28 September, 2011

28 September 1944

438th AAA AW BN
APO 230 % Postmaster, N.Y.
28 September, 1944      0925
My dearest darling –

First – excuse me for the hurried V-mail written last nite, dear, but I did want to get something off to you before the day was over. Yesterday was Yom Kippur and about 9 of us headed back to Corps headquarters where services were to be held. We had to cross a ford at one point and the recent rain swelled all the creeks – the result being that both jeeps got stuck and then some! Poor ‘Wilma’ – she really got covered with mud.

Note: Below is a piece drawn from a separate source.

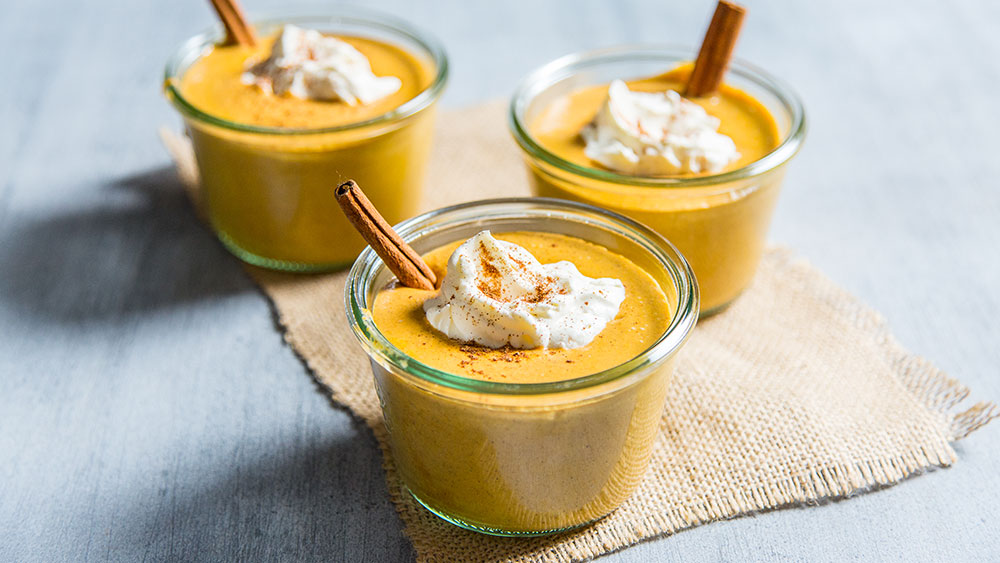 Pumpkin Pie Smoothie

She was a mess, but then – before it was all over – so was I. We finally got help from a large truck which had to winch us out. We were quite late at this point but continued on our way and did manage to get to our destination before the services were over.

Jeep in the mud in Huertgen Forest
(Occupants unknown)

I prayed hard, sweetheart, for everything that we both want so much and I’m certain that we’ll have it all some day. Incidentally the B.B.C. made a recording of the services and I assume that it was or will be re-broadcast.

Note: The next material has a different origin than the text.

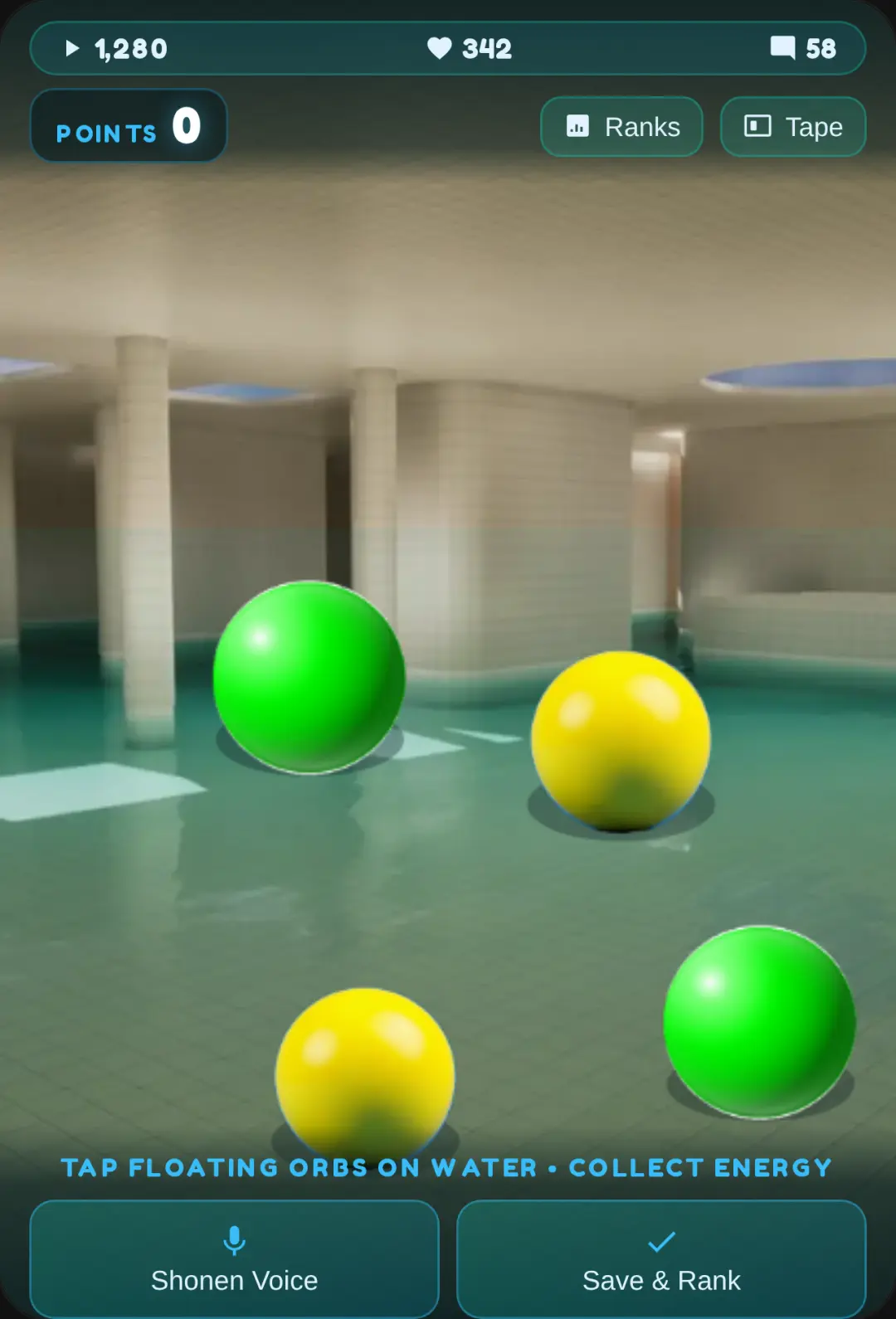 Poolrooms: Liminal Waters cover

In the p.m. the Colonel asked me to go on reconnaissance with another officer to look for a new C.P. – preferably indoors. That suited me fine because the last week or so – outdoor life hasn’t been too hot. By the way, darling, I hope you don’t entertain any idea of going on camping trips after we’re married. I warn you now, dear, that will constitute grounds for divorce! Anyway – we went to a nearby town, looked up the Burgomeister and had him show us the various vacant houses in town. The mayors of these towns are not the mayors in power when the Nazis were here – but are O.K’d by the Civil Affairs outfit. The latter has done a good job. They – with the help of an Army police force – move into a town, root out the obvious Nazis and trouble-makers, lock them up, and appoint a German whom – they think – they can trust. We finally found places that could accommodate all the officers and men, but it took most of the p.m. We were supposed to move today – but something else turned up and we sit here in the same place, after all.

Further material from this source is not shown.